INPUT RECORDS ::
========
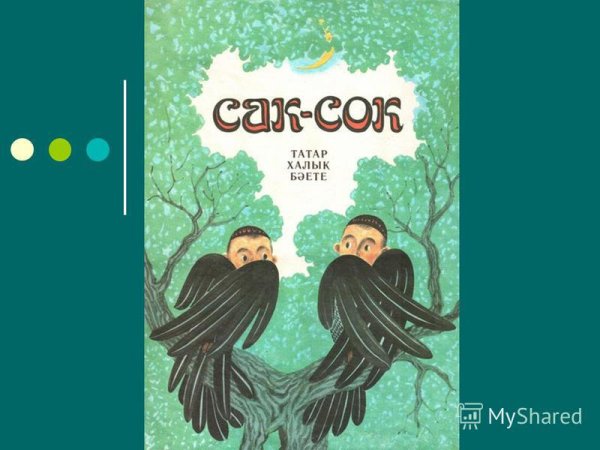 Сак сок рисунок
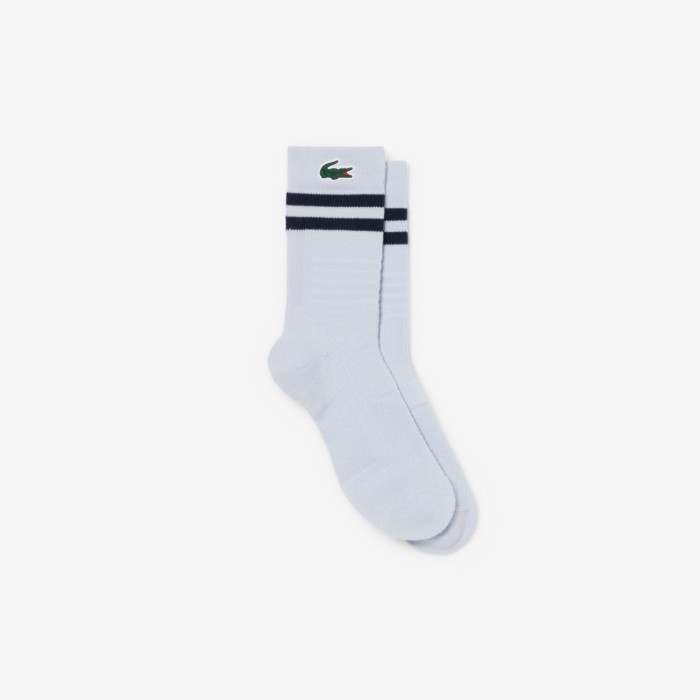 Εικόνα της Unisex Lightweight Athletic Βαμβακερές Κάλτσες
========
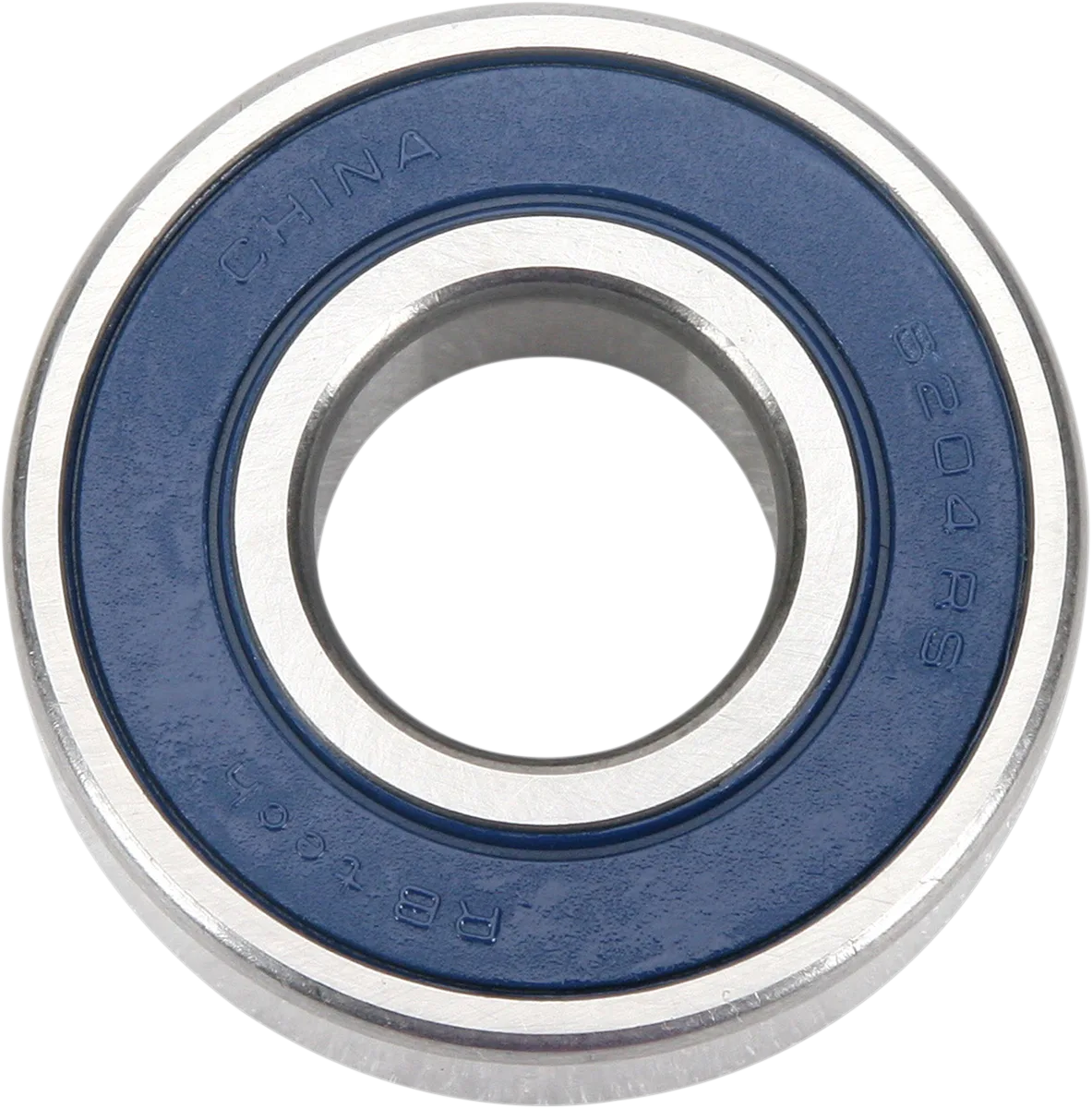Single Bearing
========
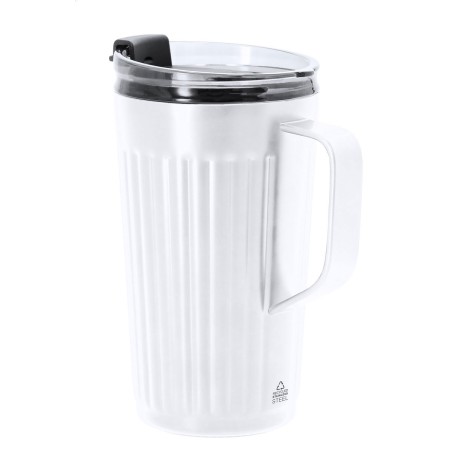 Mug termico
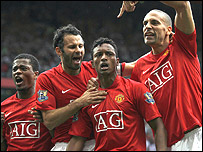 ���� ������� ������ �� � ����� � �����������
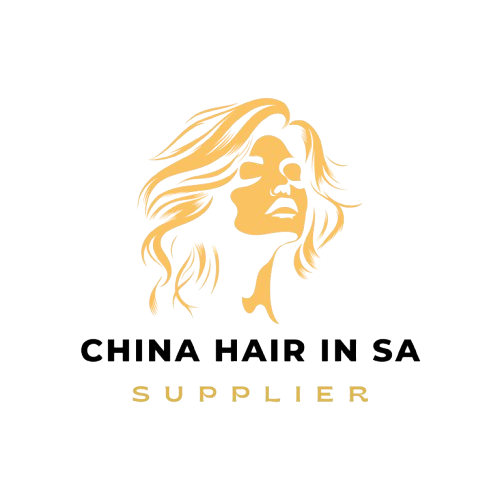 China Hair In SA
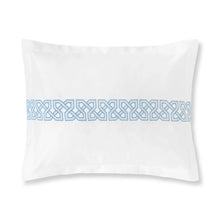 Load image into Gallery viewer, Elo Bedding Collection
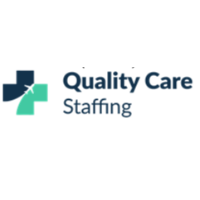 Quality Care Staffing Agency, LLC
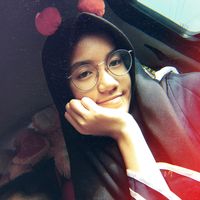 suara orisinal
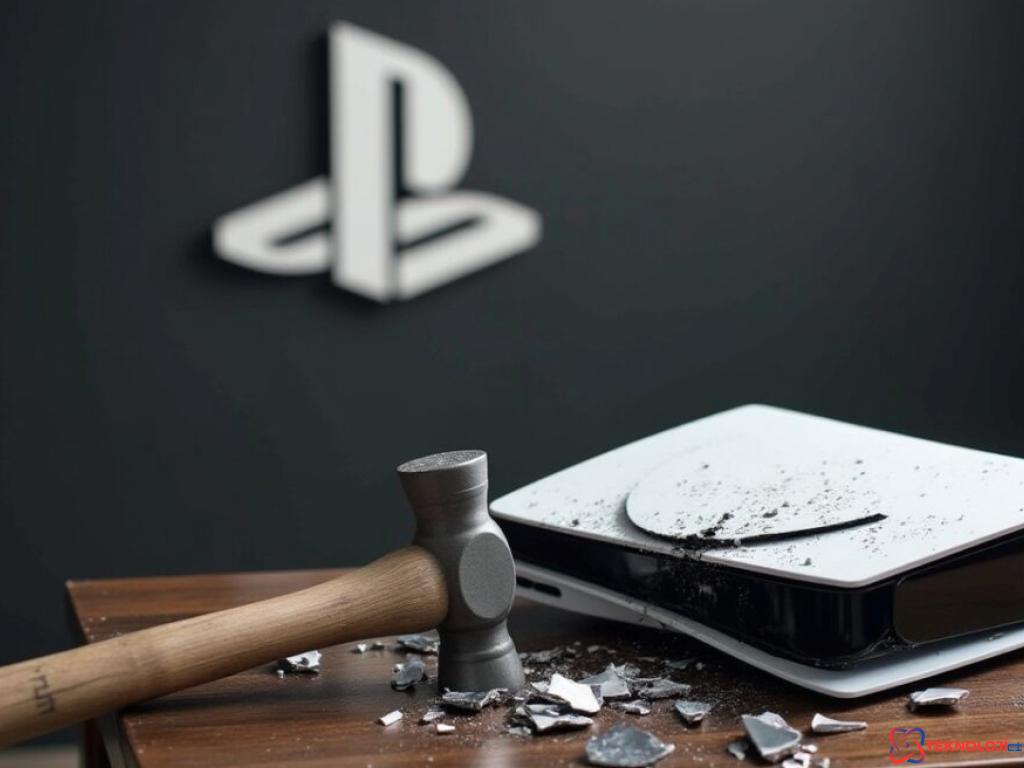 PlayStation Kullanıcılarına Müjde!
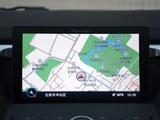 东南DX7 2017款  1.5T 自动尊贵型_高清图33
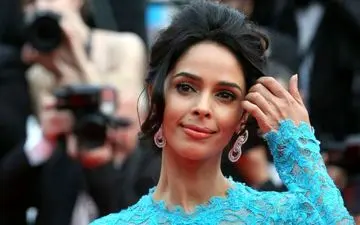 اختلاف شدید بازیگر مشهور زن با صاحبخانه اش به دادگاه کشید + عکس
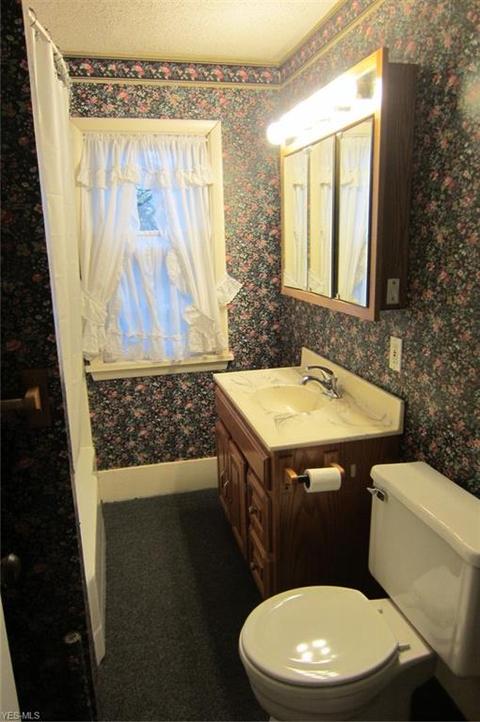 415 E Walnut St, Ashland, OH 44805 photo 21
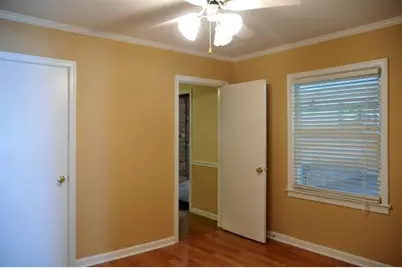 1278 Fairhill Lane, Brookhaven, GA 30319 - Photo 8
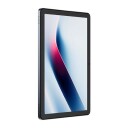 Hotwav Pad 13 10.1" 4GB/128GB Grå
========
TASK REQUIREMENTS ::
Return exactly the lines that appear in the data above between the line containing "اختلاف شدید بازیگر" and the line containing "Hotwav Pad 13", both of which are included, and leave the pictures out.

RESULT OF THE EXERCISE ::
 اختلاف شدید بازیگر مشهور زن با صاحبخانه اش به دادگاه کشید + عکس
 415 E Walnut St, Ashland, OH 44805 photo 21
 1278 Fairhill Lane, Brookhaven, GA 30319 - Photo 8
 Hotwav Pad 13 10.1" 4GB/128GB Grå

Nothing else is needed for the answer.